Они покатили дальше, в горы, через Голливудские холмы – цепь невысоких гор, застроенных странными домами, иногда висящими над обрывами ущелий. Малхолэнд Драйв оказался дорогой, идущей высоко вверху, по хребту Санта-Моника. Она протянулась отсюда до океана и тоже шла над обрывами. Одно из последних мест в окрестностях Лос-Анджелеса, где ловкачам не дали понастроить всякой халтуры, объяснила Эйлин. Она была убеждена, впрочем, что папаша сюда вот-вот прорвется. Эйлин остановила машину на утрамбованной несколькими поколениями автомобилистов площадке. Они вышли.
Темные плечи гор опускались в обширную долину, от края до края усыпанную миллионами сверкающих огоньков, словно гигантская светящаяся медуза. Нескончаемыми потоками неслись навстречу друг другу красные и белые огни автострады. Над всей долиной сияло золотое зарево, вытесняя черноту ночного неба. И там, в вышине, медленно плыли огни самолетов и вертолетов.
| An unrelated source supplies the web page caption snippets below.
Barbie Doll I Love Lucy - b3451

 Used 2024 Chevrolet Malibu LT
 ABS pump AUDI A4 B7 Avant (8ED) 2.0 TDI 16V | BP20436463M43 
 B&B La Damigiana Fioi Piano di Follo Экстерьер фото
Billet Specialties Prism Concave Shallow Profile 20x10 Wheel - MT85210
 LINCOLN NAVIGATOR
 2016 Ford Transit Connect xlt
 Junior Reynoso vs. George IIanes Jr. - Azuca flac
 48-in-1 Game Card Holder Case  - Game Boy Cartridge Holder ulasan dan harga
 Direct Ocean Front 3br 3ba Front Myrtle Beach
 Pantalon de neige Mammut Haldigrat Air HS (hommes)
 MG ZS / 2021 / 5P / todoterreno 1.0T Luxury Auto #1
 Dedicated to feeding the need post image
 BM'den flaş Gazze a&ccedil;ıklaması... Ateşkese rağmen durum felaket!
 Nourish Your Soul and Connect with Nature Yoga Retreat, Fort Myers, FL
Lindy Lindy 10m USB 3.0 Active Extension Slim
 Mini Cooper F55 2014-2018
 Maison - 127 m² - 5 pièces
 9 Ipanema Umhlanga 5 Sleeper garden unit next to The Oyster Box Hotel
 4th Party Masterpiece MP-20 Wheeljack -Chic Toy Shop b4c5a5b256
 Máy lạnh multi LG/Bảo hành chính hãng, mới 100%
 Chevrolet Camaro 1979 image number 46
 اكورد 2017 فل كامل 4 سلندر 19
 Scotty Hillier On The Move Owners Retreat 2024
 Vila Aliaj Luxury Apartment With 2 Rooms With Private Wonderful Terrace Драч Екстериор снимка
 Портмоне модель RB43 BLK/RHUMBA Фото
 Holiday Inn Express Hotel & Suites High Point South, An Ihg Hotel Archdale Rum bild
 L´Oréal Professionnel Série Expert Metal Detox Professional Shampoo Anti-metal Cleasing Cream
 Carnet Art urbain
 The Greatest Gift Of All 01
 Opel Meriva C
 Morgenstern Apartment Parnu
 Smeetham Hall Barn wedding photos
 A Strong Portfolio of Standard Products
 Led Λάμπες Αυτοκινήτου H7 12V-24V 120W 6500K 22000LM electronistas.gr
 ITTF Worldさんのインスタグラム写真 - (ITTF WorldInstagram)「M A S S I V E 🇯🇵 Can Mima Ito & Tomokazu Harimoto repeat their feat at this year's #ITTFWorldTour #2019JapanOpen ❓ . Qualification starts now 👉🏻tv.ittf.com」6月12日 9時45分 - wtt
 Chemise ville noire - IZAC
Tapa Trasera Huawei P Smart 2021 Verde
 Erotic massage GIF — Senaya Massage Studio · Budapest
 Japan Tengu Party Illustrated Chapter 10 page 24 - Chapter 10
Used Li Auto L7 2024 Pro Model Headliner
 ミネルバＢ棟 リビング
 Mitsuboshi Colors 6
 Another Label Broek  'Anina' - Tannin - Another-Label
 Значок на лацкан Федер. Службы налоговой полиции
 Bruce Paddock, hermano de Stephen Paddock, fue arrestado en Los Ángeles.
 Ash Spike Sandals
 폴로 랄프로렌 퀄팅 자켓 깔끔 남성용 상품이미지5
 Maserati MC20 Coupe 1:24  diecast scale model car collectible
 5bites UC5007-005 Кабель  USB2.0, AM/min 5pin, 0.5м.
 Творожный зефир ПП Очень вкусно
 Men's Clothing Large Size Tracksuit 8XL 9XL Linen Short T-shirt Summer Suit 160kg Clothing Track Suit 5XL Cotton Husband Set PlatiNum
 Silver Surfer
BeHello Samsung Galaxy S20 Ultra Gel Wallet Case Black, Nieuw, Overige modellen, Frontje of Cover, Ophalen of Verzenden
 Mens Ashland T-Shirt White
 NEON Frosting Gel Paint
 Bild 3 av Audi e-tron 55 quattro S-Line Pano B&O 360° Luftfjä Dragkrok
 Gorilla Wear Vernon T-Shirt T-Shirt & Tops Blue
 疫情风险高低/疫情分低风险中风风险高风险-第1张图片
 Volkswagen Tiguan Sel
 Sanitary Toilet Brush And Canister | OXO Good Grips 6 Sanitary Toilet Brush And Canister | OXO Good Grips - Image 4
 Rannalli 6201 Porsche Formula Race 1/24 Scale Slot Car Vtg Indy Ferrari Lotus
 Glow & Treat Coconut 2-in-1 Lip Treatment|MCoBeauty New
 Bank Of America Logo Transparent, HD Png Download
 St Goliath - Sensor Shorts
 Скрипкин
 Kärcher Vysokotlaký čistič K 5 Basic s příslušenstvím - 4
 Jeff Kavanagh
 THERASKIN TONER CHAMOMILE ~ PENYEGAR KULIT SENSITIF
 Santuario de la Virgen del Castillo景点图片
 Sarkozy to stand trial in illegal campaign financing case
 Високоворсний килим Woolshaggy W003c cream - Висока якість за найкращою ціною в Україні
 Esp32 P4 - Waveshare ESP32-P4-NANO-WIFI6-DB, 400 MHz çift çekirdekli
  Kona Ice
Бобби казалось, что перед ним огромный, сотворенный человеческими руками организм – безмерный, полный энергии, пульсирующий и неизъяснимо живой.
– Ч-черт! – выдохнул Бобби, чувствуя победоносную и безумную силу этого зрелища.
В этот момент он понял, что такое – быть американцем; ощутил себя частью этой страны, ее судьбы, ее будущего – к добру или худу. Страны, сохранившей пусть искаженный и изломанный, но великий созидательный дух.
– Ну, поехали. – Эйлин дернула его за рукав и потянула в машину.
– Чего? – Бобби еще не пришел в себя.
– Поехали! Нам пора испробовать все, что здесь полагается!
– Чего там еще пробовать?
– Трахнуться в машине. Народ ездит сюда для этого уже сотню лет, понял?
Бобби несколько опешил – двухместная машина Эйлин была явно тесновата, но ему, уже в который раз, пришлось подчиниться.